How to complete this task: Restate, exactly as written, the entries below from the line that holds "Sealed Its Delish Deluxe Vegetable Soup Mix" through the line that holds "Palmetto Politics World". Pictures are not part of the copy.

Task inputs:
* * * * *

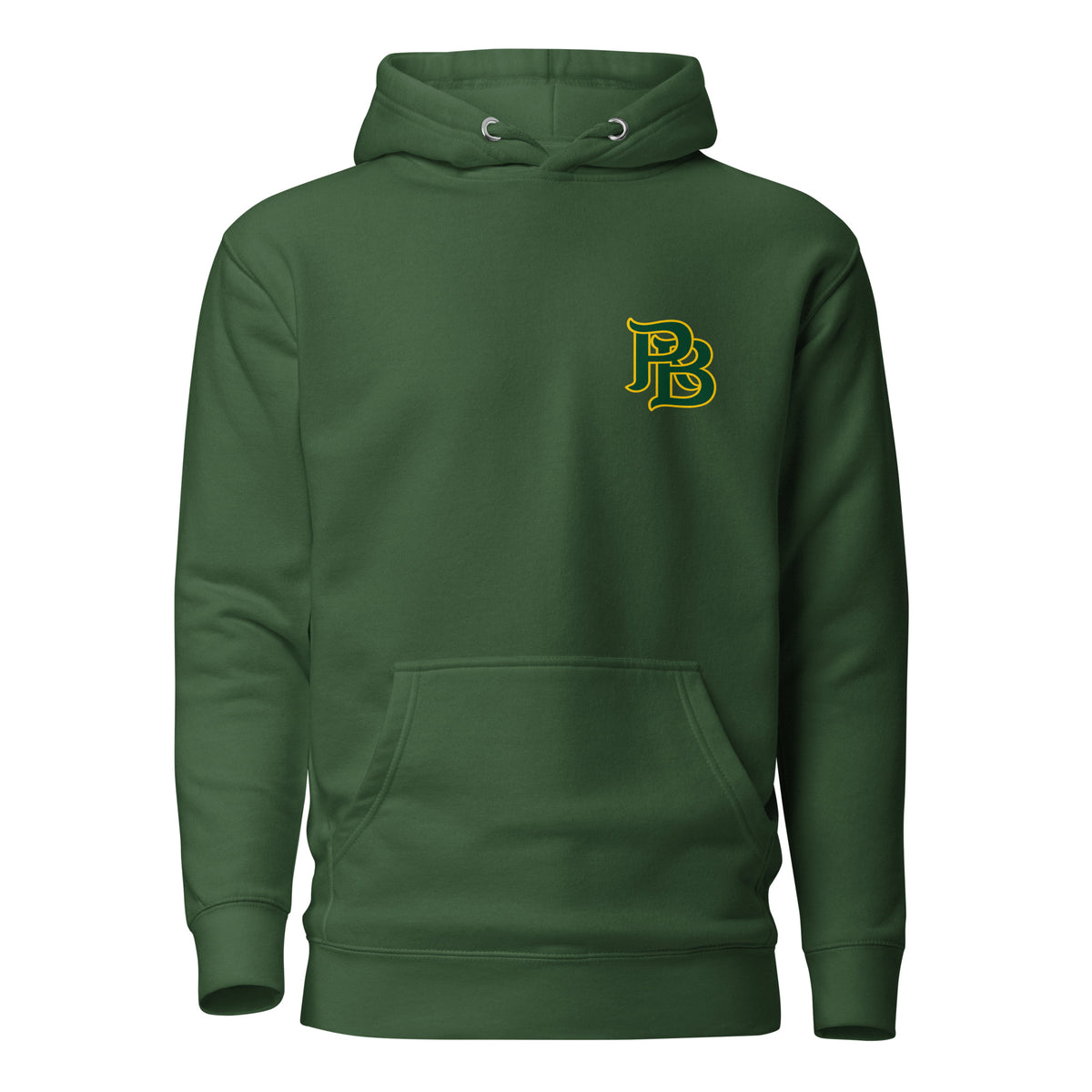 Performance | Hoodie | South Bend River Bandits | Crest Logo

* * * * *

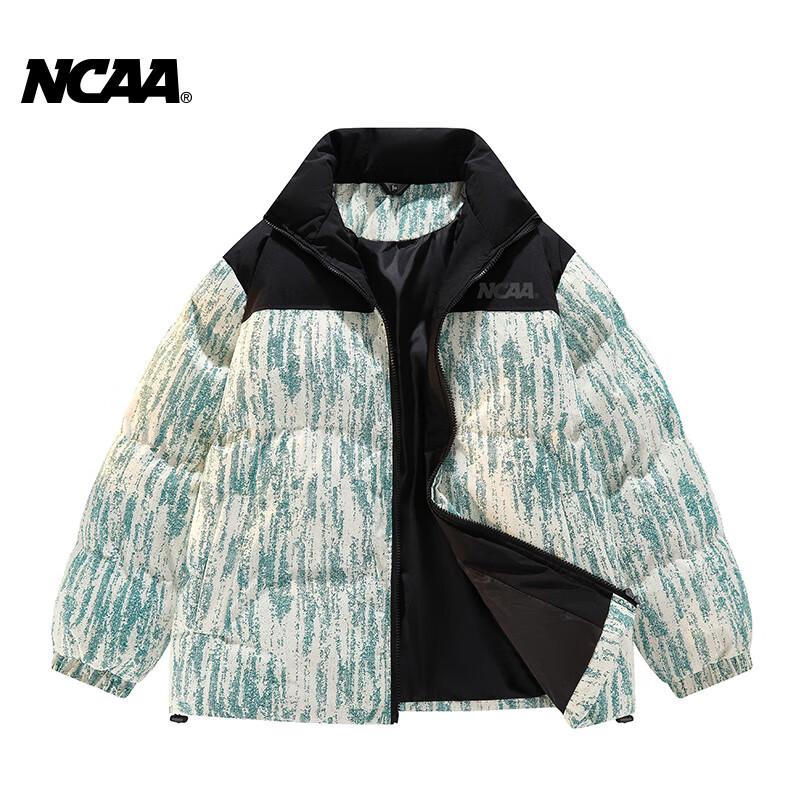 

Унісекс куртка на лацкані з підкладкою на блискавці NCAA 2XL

* * * * *

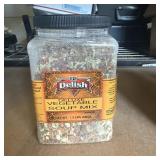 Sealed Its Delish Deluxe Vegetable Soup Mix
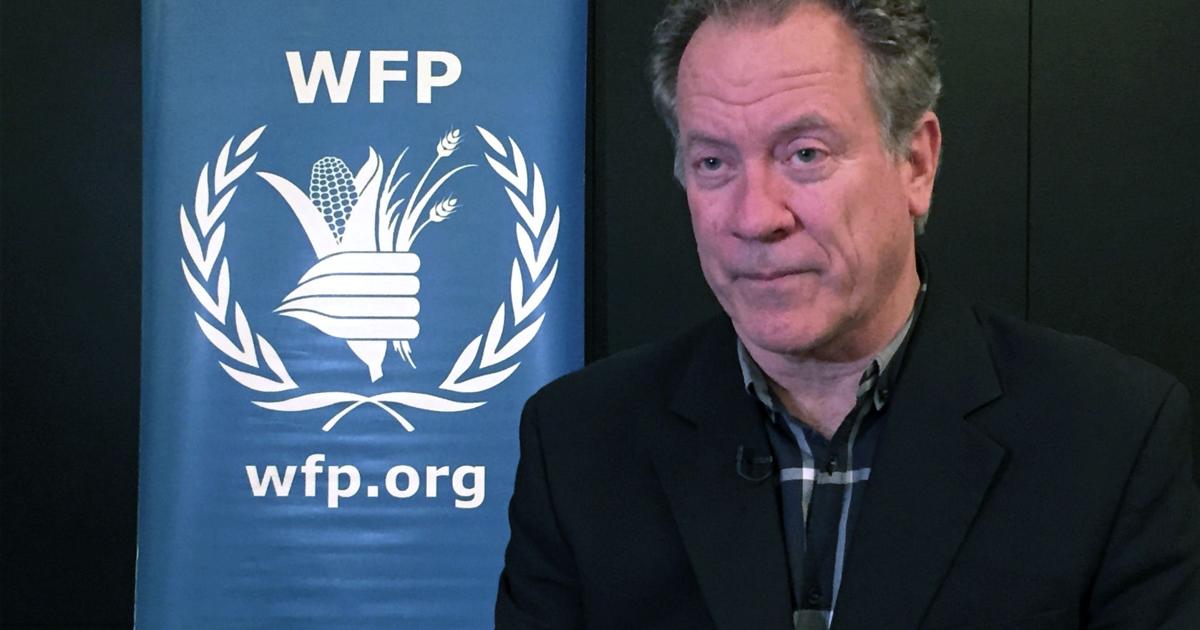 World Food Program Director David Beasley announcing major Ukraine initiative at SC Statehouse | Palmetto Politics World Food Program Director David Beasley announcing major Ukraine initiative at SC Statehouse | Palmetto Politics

* * * * *

Your response:
 Sealed Its Delish Deluxe Vegetable Soup Mix
 World Food Program Director David Beasley announcing major Ukraine initiative at SC Statehouse | Palmetto Politics World Food Program Director David Beasley announcing major Ukraine initiative at SC Statehouse | Palmetto Politics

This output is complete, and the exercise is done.